Representative Samples for LSLI: Why the number of inspections isn’t what matters most

Communities sometimes balk when asked to inspect service lines in order to gather a “representative sample” of their water system for predictive modeling of their service line materials. After all, they already have a recent sample or survey of some portion of their water system. They may have been reassured by some experts that as long as they sample a certain number of their service lines, they can expect an AI-based system to produce a service line inventory that performs well. In light of all that, another round of inspections seems like a time-consuming, nitpicky hassle.

Machine learning and artificial intelligence allow us to get much more out of the data we collect, finding subtle patterns, capturing complex nuances, and using these to build predictive models. This makes it possible to see relationships that are difficult to understand by just glancing at the data. 

But in order to reap these benefits for lead service line inventory (LSLI) work, it’s vital to gather a truly representative sample. If we don’t put in the effort to carefully craft a representative sample, we will invariably end up with a statistically biased sample.

To be clear, in this case we’re using the word “bias” in the statistical sense of “a systematic distortion of a statistical result due to factors not accounted for in the sample.“ (More on good sampling practices in data science.)

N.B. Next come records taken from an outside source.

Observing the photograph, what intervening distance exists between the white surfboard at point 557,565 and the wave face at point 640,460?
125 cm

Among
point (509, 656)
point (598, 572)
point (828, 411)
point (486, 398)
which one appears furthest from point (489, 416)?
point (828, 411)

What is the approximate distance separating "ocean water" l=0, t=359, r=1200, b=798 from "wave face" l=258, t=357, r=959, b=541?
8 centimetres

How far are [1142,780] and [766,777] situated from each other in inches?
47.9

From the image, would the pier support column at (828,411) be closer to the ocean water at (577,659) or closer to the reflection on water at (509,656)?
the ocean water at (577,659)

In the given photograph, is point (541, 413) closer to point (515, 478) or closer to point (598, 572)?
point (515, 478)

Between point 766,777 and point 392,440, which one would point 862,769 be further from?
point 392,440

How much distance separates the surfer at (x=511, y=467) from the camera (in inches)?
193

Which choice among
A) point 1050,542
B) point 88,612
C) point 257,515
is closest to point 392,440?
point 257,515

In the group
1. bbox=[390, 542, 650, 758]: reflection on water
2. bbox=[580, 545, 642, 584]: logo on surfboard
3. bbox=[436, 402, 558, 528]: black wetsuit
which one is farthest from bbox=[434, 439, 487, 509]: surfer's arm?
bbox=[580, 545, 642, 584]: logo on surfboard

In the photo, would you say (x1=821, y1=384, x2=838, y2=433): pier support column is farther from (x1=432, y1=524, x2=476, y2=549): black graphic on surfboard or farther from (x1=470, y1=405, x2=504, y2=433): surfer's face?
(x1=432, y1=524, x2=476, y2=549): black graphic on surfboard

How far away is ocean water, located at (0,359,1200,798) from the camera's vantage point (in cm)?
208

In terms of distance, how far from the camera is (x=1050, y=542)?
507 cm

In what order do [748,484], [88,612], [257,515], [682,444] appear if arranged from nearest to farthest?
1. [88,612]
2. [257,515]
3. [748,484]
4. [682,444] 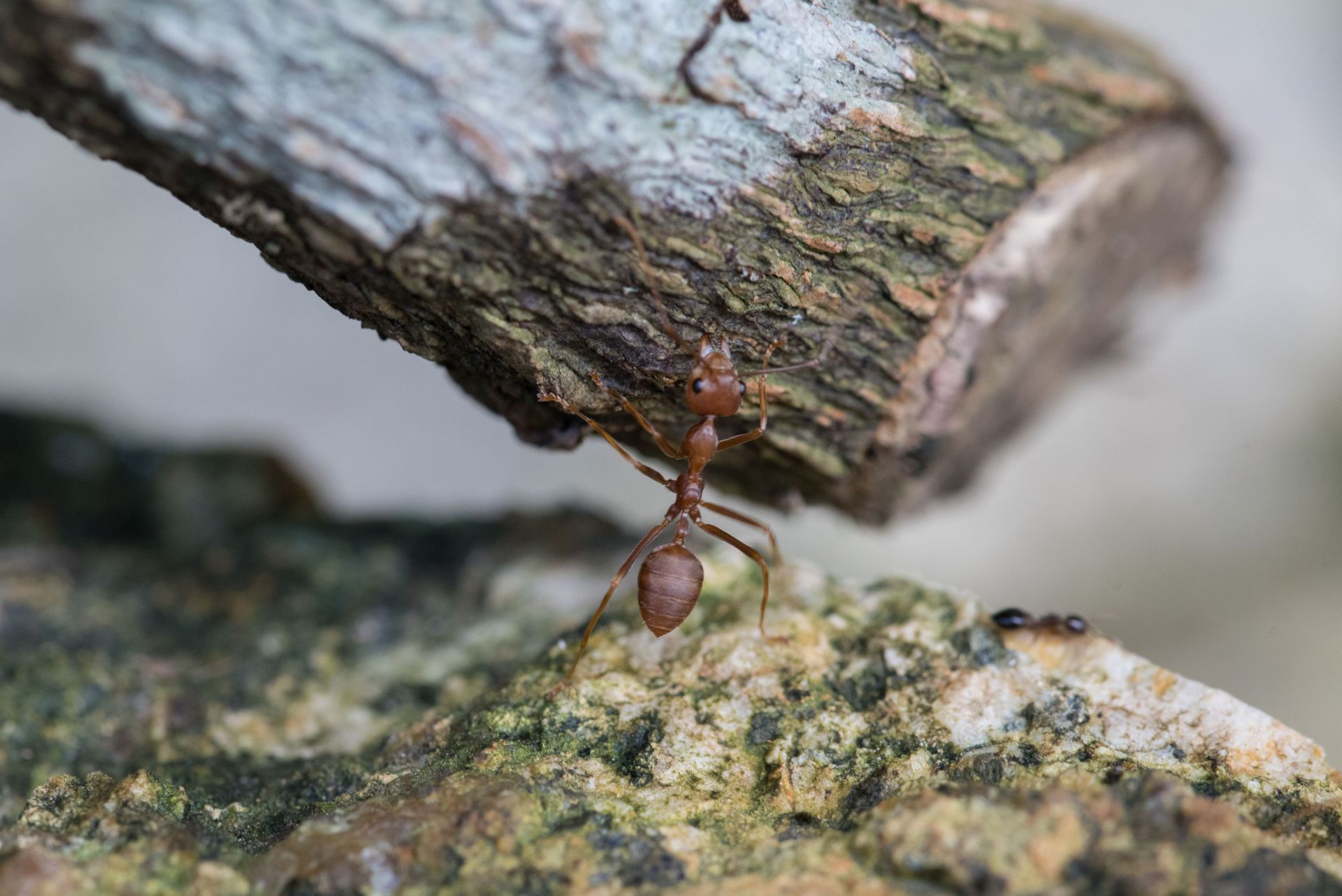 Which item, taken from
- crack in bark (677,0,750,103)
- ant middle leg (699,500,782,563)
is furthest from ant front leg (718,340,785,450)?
crack in bark (677,0,750,103)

Bias results in a non-representative sample. Non-representative samples may result in poor predictive models that cannot generalize to the larger population, and may prove misleading. 

The Hazards of Non-Representative Samples

There are many ways that good data can be a poor sample. Imagine a community sends out surveys asking customers to check the material of the line connected to their meter. Such a survey gives a great picture of the service line material at the homes of people who replied to the survey—but no information as to why they made the time to reply, and no information about the people who did not (or could not) complete the survey. As such, you could easily oversample certain types of households while entirely missing others. 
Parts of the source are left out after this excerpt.